◆ **TO DO**
Write out exactly the lines running from the one with "this 640×480 image." to the end of the data, including both of those lines and excluding pictures.

◆ **SOURCE DATA**
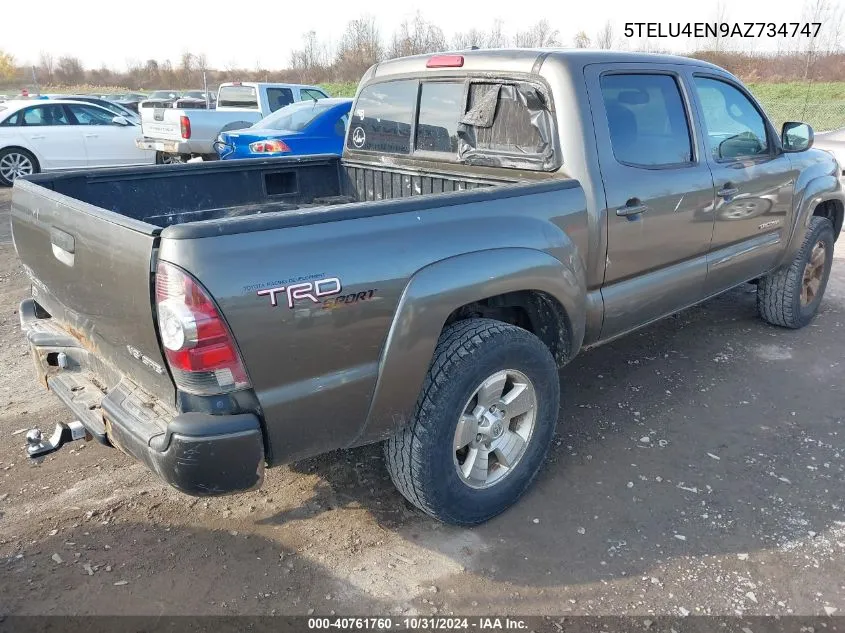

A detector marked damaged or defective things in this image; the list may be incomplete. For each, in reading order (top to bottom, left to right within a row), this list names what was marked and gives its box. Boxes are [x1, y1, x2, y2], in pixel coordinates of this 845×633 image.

damaged rear window [346, 76, 556, 170]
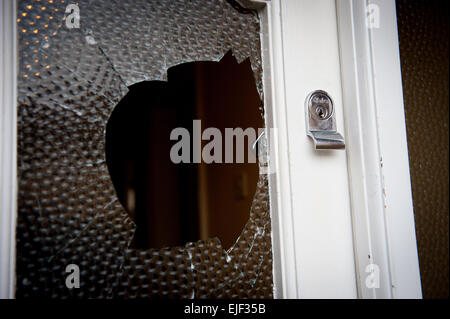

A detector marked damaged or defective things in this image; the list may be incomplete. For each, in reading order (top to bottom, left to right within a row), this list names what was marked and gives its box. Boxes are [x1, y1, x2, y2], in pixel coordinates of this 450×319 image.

shattered glass [15, 0, 272, 300]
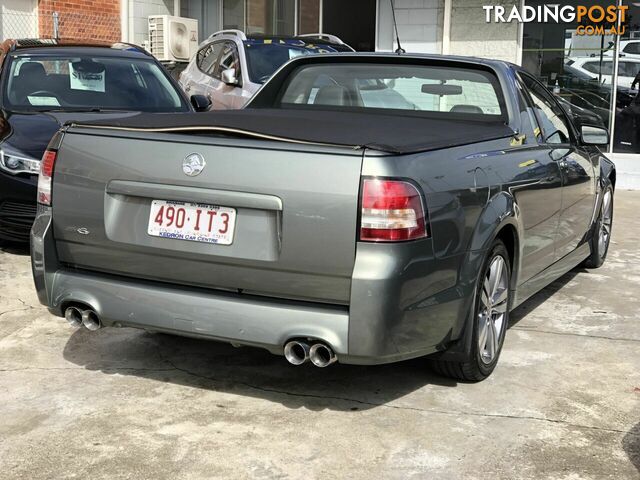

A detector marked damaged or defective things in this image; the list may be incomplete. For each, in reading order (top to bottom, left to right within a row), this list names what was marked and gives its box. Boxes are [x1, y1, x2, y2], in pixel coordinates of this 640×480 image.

cracked concrete [1, 192, 640, 480]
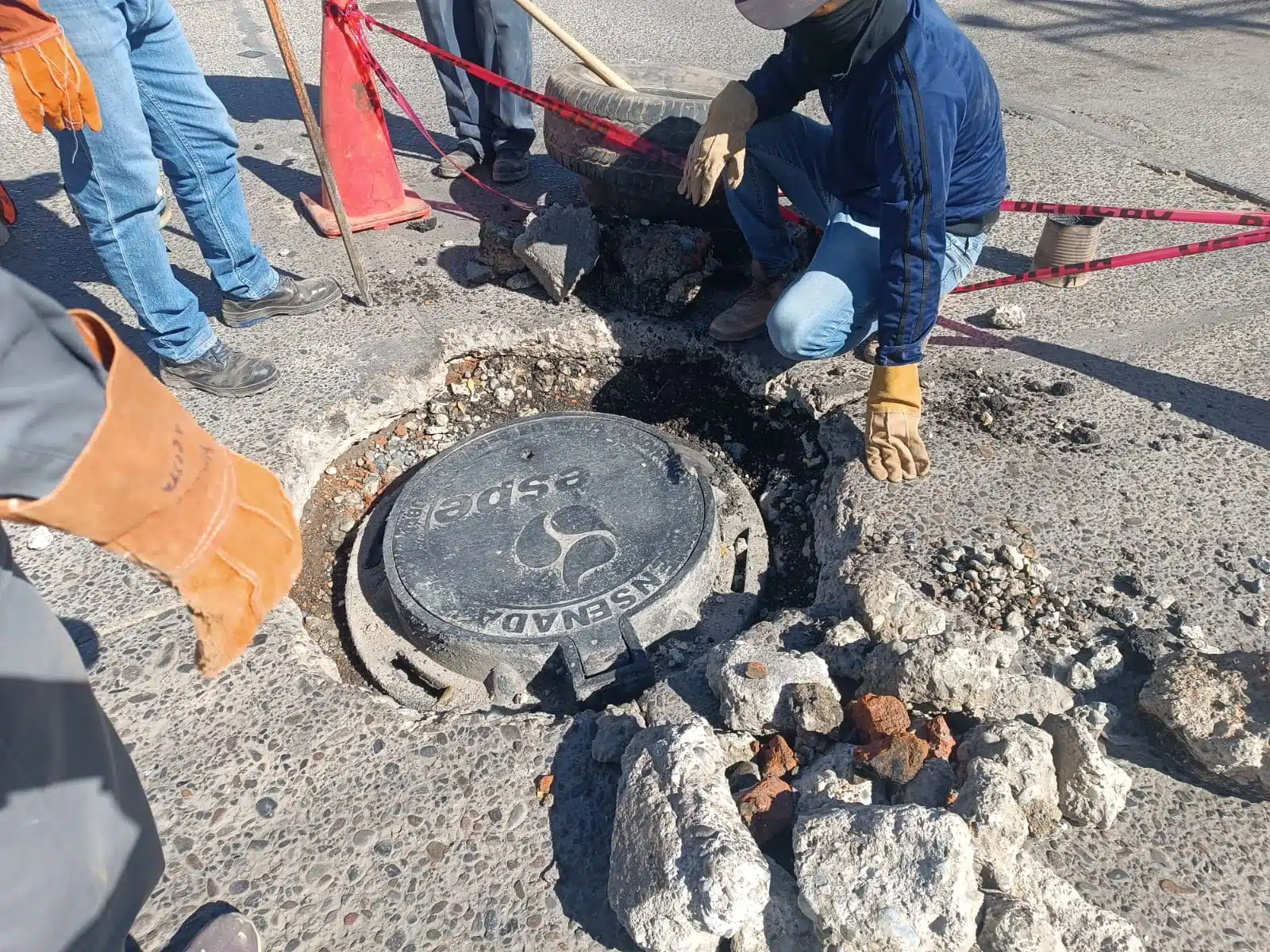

◆ **RESPONSE**
A detector marked damaged or defective things in this image; the list may be incomplete. For each, in reading order (top to bottom, left to right within a row), this list names what was marked and gives its box. Boxes are [x1, y1, x2, y2], in pixel coordinates of this 640×480 image.

cracked concrete [1, 192, 640, 480]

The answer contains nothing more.